**YOUR OBJECTIVE**
Word for word, reproduce every line of the data.
Top of MATERIAL TO PROCESS
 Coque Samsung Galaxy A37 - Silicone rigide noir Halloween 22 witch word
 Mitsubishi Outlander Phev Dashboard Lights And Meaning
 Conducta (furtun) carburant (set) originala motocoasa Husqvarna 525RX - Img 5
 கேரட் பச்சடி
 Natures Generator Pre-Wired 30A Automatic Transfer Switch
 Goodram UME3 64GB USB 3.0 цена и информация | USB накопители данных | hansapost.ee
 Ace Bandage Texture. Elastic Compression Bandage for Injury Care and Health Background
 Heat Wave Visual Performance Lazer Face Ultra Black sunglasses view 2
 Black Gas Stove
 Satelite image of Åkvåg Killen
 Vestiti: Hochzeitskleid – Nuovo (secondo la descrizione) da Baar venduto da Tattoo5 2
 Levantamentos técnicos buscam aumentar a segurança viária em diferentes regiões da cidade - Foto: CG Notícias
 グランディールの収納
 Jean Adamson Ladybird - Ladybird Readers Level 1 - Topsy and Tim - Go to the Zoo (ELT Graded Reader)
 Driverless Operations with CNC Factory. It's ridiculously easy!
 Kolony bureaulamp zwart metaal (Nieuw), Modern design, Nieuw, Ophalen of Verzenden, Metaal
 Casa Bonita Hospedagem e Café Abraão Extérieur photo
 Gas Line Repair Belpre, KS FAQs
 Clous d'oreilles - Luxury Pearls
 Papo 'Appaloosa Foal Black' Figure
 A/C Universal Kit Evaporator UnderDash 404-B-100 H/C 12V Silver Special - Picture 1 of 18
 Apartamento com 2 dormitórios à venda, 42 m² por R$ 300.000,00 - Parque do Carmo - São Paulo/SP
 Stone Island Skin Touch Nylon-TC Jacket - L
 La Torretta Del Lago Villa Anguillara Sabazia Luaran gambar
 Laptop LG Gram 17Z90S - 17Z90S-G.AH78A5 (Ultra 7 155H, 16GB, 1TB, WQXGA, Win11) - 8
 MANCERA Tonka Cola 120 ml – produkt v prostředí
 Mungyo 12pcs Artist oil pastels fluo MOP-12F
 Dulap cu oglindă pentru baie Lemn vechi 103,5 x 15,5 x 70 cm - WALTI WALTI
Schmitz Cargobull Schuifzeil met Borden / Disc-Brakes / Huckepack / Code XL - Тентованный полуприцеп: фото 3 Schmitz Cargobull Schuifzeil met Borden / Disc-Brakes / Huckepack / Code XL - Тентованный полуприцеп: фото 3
Bottom of MATERIAL TO PROCESS
**YOUR RESPONSE**
 Coque Samsung Galaxy A37 - Silicone rigide noir Halloween 22 witch word
 Mitsubishi Outlander Phev Dashboard Lights And Meaning
 Conducta (furtun) carburant (set) originala motocoasa Husqvarna 525RX - Img 5
 கேரட் பச்சடி
 Natures Generator Pre-Wired 30A Automatic Transfer Switch
 Goodram UME3 64GB USB 3.0 цена и информация | USB накопители данных | hansapost.ee
 Ace Bandage Texture. Elastic Compression Bandage for Injury Care and Health Background
 Heat Wave Visual Performance Lazer Face Ultra Black sunglasses view 2
 Black Gas Stove
 Satelite image of Åkvåg Killen
 Vestiti: Hochzeitskleid – Nuovo (secondo la descrizione) da Baar venduto da Tattoo5 2
 Levantamentos técnicos buscam aumentar a segurança viária em diferentes regiões da cidade - Foto: CG Notícias
 グランディールの収納
 Jean Adamson Ladybird - Ladybird Readers Level 1 - Topsy and Tim - Go to the Zoo (ELT Graded Reader)
 Driverless Operations with CNC Factory. It's ridiculously easy!
 Kolony bureaulamp zwart metaal (Nieuw), Modern design, Nieuw, Ophalen of Verzenden, Metaal
 Casa Bonita Hospedagem e Café Abraão Extérieur photo
 Gas Line Repair Belpre, KS FAQs
 Clous d'oreilles - Luxury Pearls
 Papo 'Appaloosa Foal Black' Figure
 A/C Universal Kit Evaporator UnderDash 404-B-100 H/C 12V Silver Special - Picture 1 of 18
 Apartamento com 2 dormitórios à venda, 42 m² por R$ 300.000,00 - Parque do Carmo - São Paulo/SP
 Stone Island Skin Touch Nylon-TC Jacket - L
 La Torretta Del Lago Villa Anguillara Sabazia Luaran gambar
 Laptop LG Gram 17Z90S - 17Z90S-G.AH78A5 (Ultra 7 155H, 16GB, 1TB, WQXGA, Win11) - 8
 MANCERA Tonka Cola 120 ml – produkt v prostředí
 Mungyo 12pcs Artist oil pastels fluo MOP-12F
 Dulap cu oglindă pentru baie Lemn vechi 103,5 x 15,5 x 70 cm - WALTI WALTI
Schmitz Cargobull Schuifzeil met Borden / Disc-Brakes / Huckepack / Code XL - Тентованный полуприцеп: фото 3 Schmitz Cargobull Schuifzeil met Borden / Disc-Brakes / Huckepack / Code XL - Тентованный полуприцеп: фото 3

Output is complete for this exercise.